Jimmy in Binary
C-Art studio is an alternative space founded by Claudia Trevino. Claudia originally set the exhibition space up to show her own work, but expanded the venue to host local emerging artists in 2002. The space reminds me on one of the early incarnations of the Tom Thumb Gallery started by myself and Kjell Hahn. C-Art Studio has a large backyard that serves both as a parking lot and a place for guests to mingle during openings.
I choose July 2006 to exhibit at C-Art Studio because it corresponded with Contemporary Art Month in San Antonio. Since Mimi and I had shows in Dallas and San Antonio Catherine Walworth of the San Antonio Current did a preview article on the events. San Antonio is a great place for emerging artists because of its tight knit artist community. Exhibition Spaces such as C-Art, Unit-B, Cactus-Bra, Three-Walls, Sala Diaz among others give artists the much needed opportunity to get their work out into the public.

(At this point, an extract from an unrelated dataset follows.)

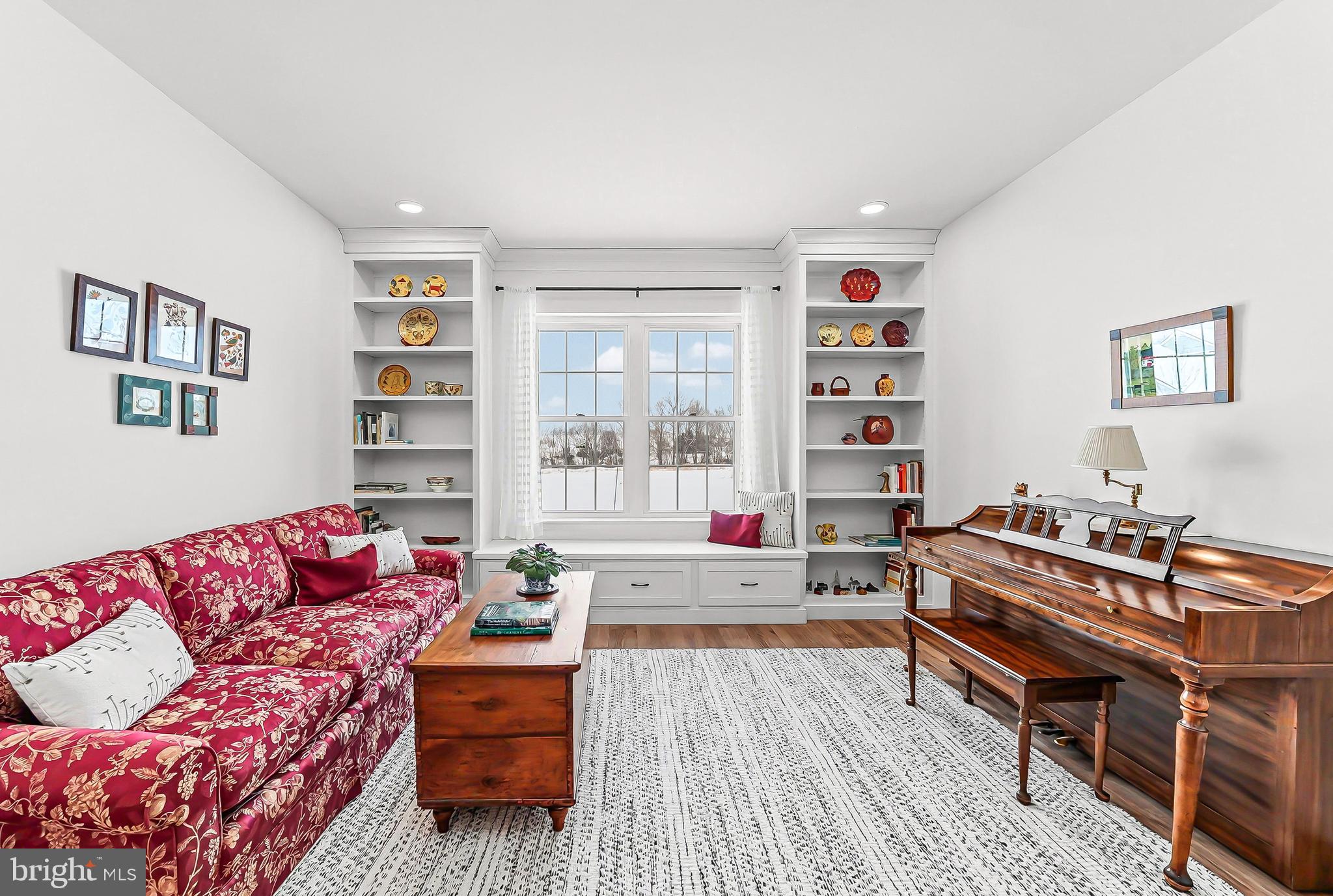 ENCLAVE AT WYNCOTE - Residential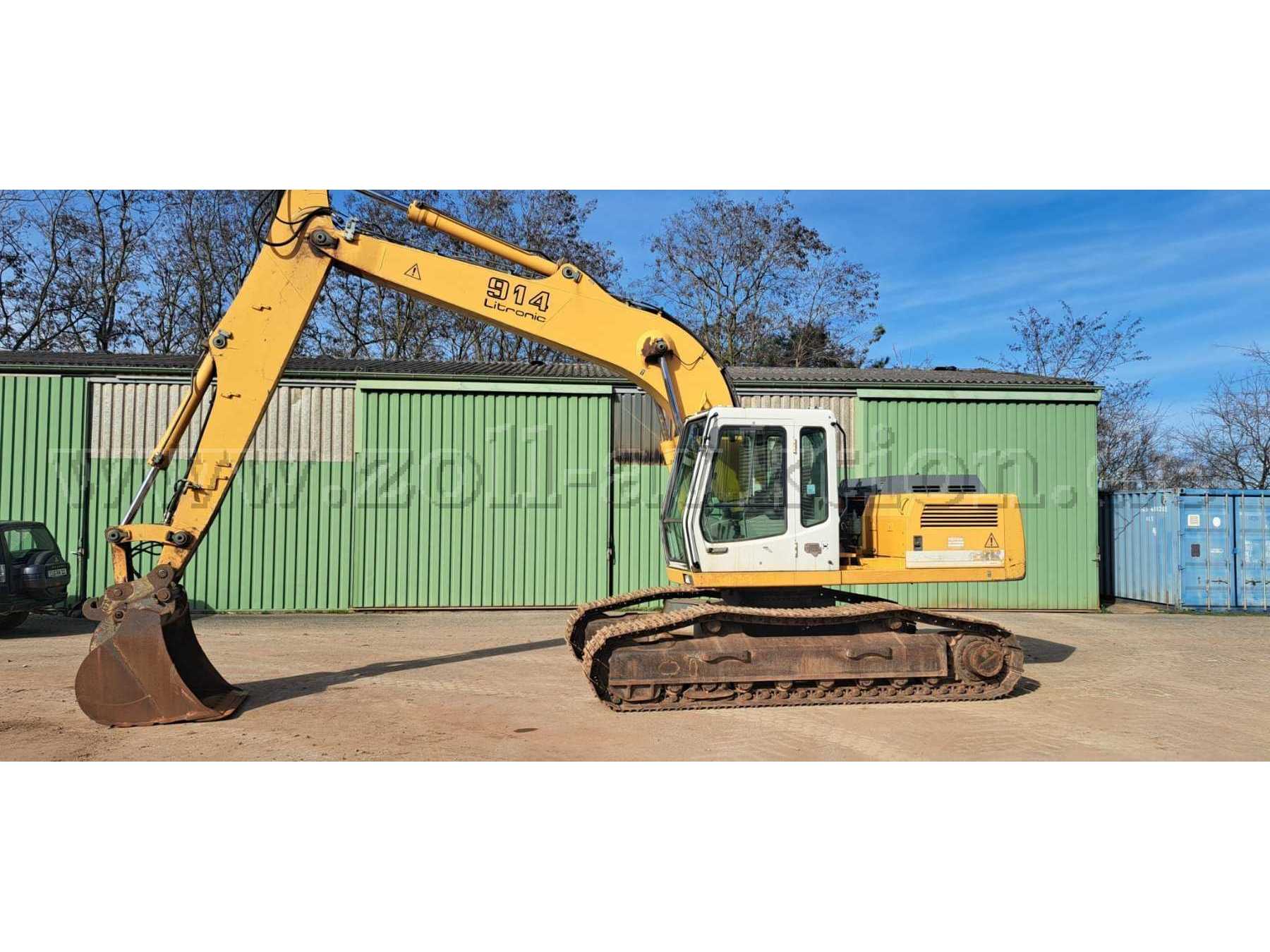 Bagger Seitenansicht Fahrrichtung links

I take my work directly to the public during some of my performances. For the first performance of Kiss the Sky here at C-Art I took a different approach than its second appearance at the Lawndale Art Center during Waiting to Explode: Richie Budd and Jimmy Kuehnle. At C-Art the performance was held in front of a captive audience outside. While this affords a more intimate setting to see the work I prefer direct contact with the world and public.
Inside the exhibition space I debuted "Binary Drawings" of various corporate logos take from their respective web sites. I converted the digital files to hexadecimal and then wrote the binary information out by hand. Depending on the size of the file the drawings became quite large. During the translation from hex to binary I made mistakes which I then corrected. These became or record of human presence in a cold digital medium.
In a base 10 number system one can only count on their hands up to ten, but in binary the upper limit is 1023. I counted on my hands in binary with and extended finger representing a 1 and a contracted finger representing a 0 up to 1023. The resulting video lasting over 25 minutes was displayed in the fire place at C-Art. By the end of the video my hands begin to shake from the contortions during a futile attempt to comprehend the vast computations that computers do every second.
The cold air inflatable suit has 104 protrusions made of coated rip-stop nylon. The handmade suit has a "shirt" and "pants" which afford me complete mobility. I wanted to increase my size in an absurd way.